Do not skimp on olive oil. It is the essential ingredient to making a soft, and tender focaccia with a little bit of chewiness.
Also, use the best quality olive oil you can get your hands on!
Variations of focaccia recipe
Focaccia can be topped with endless ingredients:
- Cherry tomatoes
- Fresh herbs of your choice
You can even use dried herbs or you could even leave it plain.
The variations in focaccia are not limited to toppings, you can even alter the shape. Use any baking pan you want or simply go freeform.
Serving the herb & garlic focaccia
Focaccia is cozy, comfort food for me. I add some cheese to it, dip it in olive oil, and call it a meal. You can also toast the focaccia and have it for breakfast.
It’s great for entertaining too. Simply cut it into little, fluffy squares and serve with various dips or just some good quality olive oil and balsamic vinegar. It’s even a fabulous dough for making pizzas. But that’s another post!
The herb & garlic focaccia is a fool-proof recipe. Trust me, do what you will with it and it’ll still turn out satisfyingly scrumptious.
I’d love to hear from you! Please tag me on Instagram @tashasartisanfoods, using the hashtag #tashasartisanfoods. You can also FOLLOW ME on INSTAGRAM, PINTEREST for more fabulous recipes! Do subscribe to Tasha’s Artisan Foods so you’ll never miss a recipe!
Herb & Garlic Focaccia
- 325 gms ( 2.5 cups) Wholewheat flour
- 1.5 tsp Salt
- 1.5 tsp Fresh rosemary, chopped finely You can use any fresh or dried herbs
- 2 tsp Dry active Yeast
- 1/2 tsp Sugar
- 250 ml ( 1 cup) Warm Water plus extra if needed
- 4 tbsp Olive Oil plus extra for drizzling on top
- 2-3 Garlic Cloves, finely chopped
- Rosemary, Sea salt for topping
- Mix warm water, yeast and sugar in a small bowl. Keep it in a draft free place for about 5 minutes, or until the mixture is frothy.
- Combine the flour, salt, and chopped rosemary in a large bowl.
- Make a well in the center and pour in yeast mixture and olive oil. Form a dough and turn out on a well floured surface.
- Knead the dough using the heels of your hands pushing the dough away from you and fold the top half of the dough back towards you, and press down. Then press out again, stretching and folding back. If the mixture feels too dry, add water, 1 Tbsp at a time. Knead the dough for about 8-10 minutes. You should get a slightly sticky, soft, smooth dough.
- Transfer this dough to a greased bowl.
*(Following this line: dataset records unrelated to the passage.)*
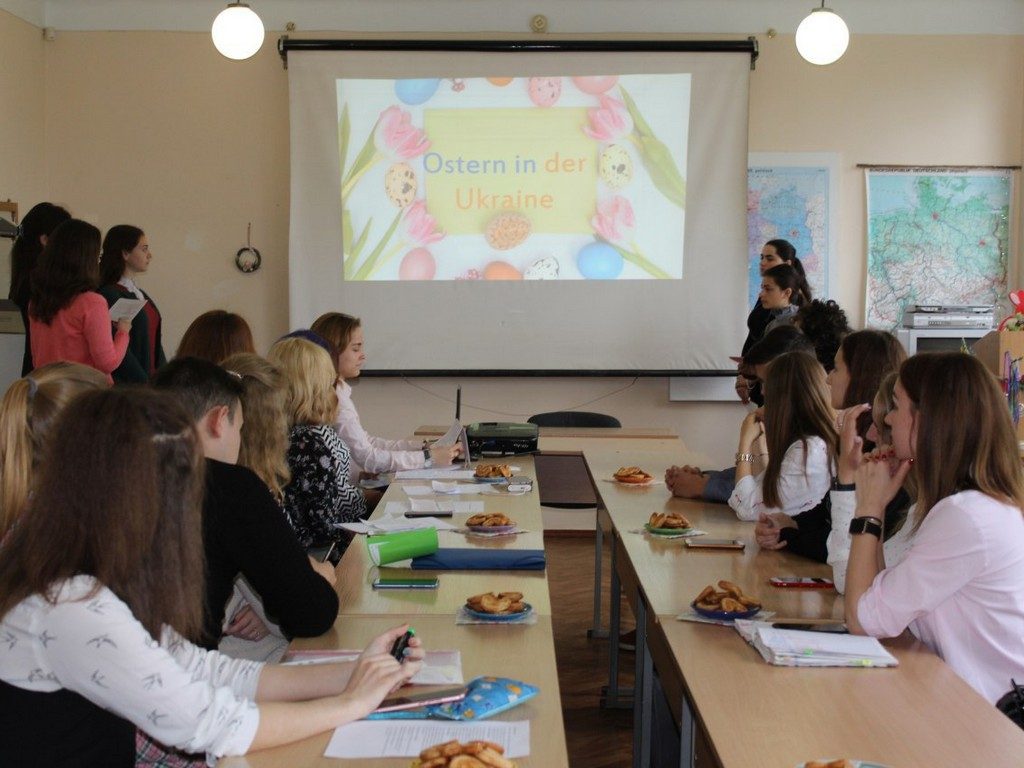 На факультеті іноземних мов відбувся урочистий захід, присвячений святкуванню Пасхи в Україні та Німеччині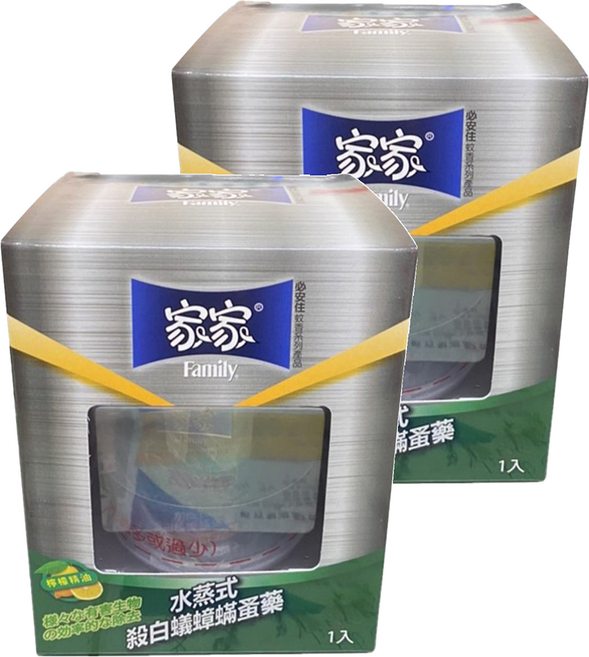 Family 家家 優水蒸式殺白蟻蟑蟎蚤藥 20g, 2盒, 1入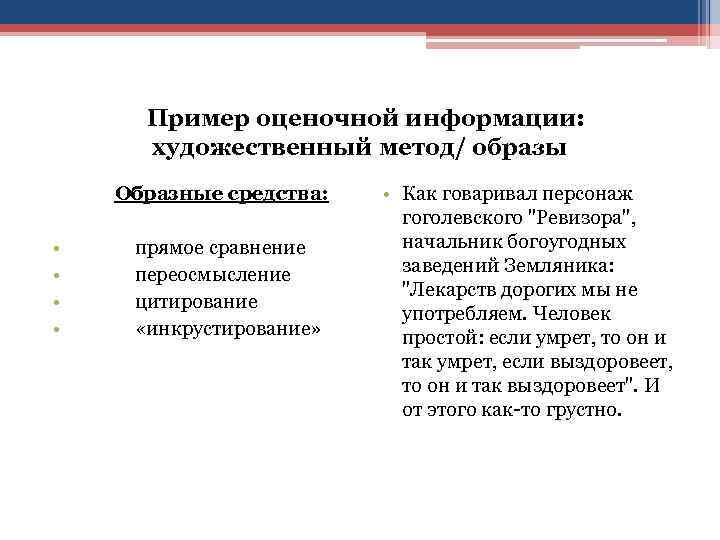 Пример оценочной информации: художественный метод/ образы Образные средства: • • прямое сравнение переосмысление цитирование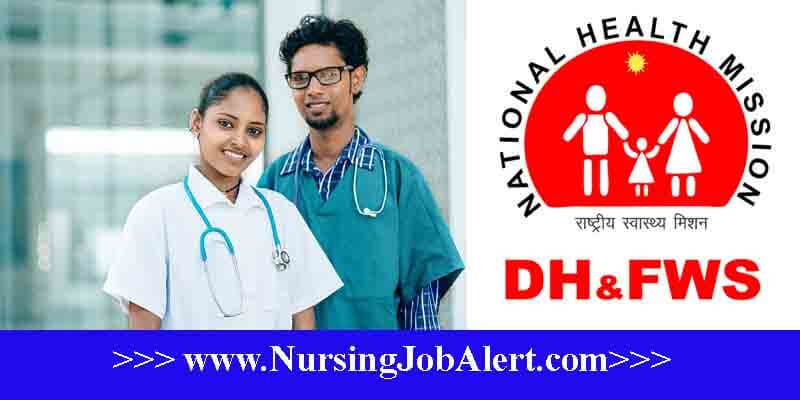 DHFWS South 24 Parganas Recruitment 2023 Staff Nurse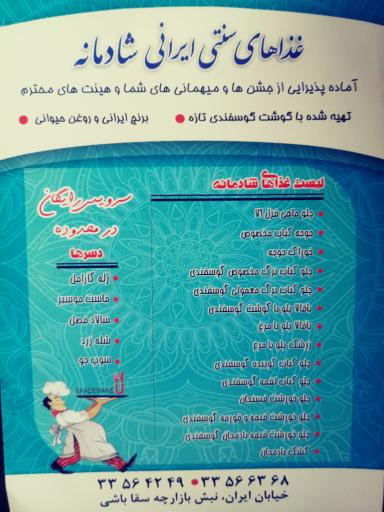 تهیه غذا شادمانه
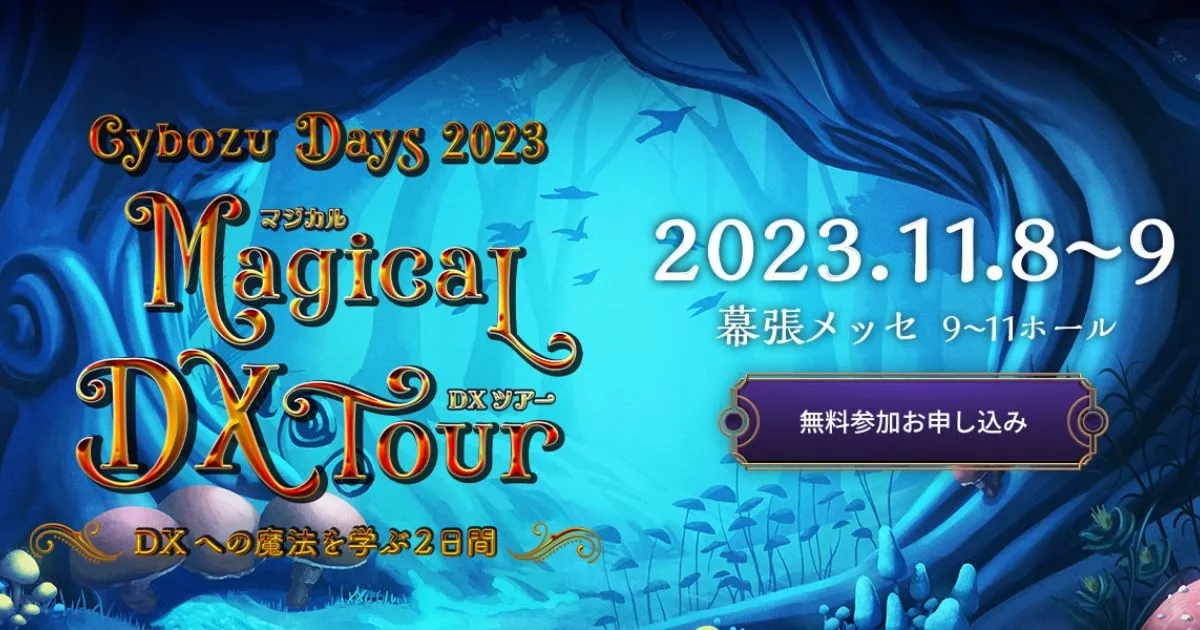 Reckoner(レコナー)、「Cybozu Days 2023」 に出展サムネイル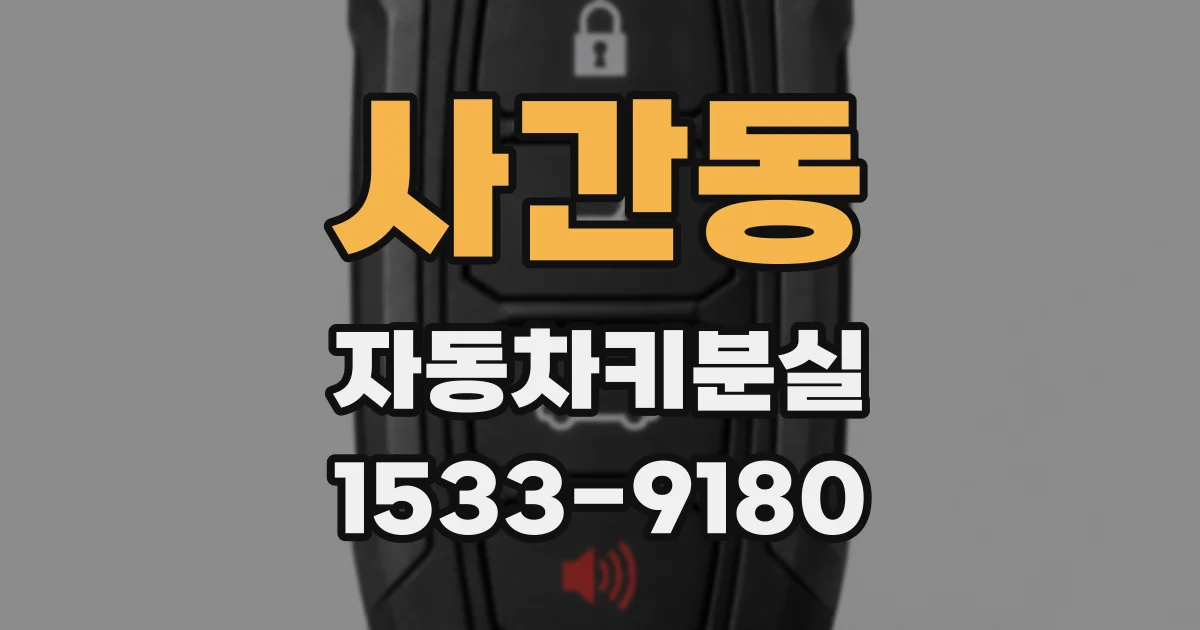 사간동 자동차키분실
Cover with plastic wrap and place it in a draft-free place for about 1-2 hours or until the dough has doubled in size.
- Pre heat the oven to 200 C. Line a baking tray with baking paper.
- Take out the proven dough on a floured surface. Gently deflate the dough and flatten the dough a bit.
- Using a rolling pin or your hands, stretch and flatten the dough to make an 8" or 9" circle. Let it proof again in a draft free place for about 20 -30 minutes, or until puffy.
- Once its risen, make indents on the bread surface using your fingers. Drizzle over some olive oil; scatter garlic, sea salt, and rosemary.
- Place it in the preheated oven and bake for 20-30 minutes, until golden brown. Drizzle some more olive oil on top, if you wish.
- Transfer to a cooling rack. Let cool for 15 -20 minutes before tearing in!! Enjoy!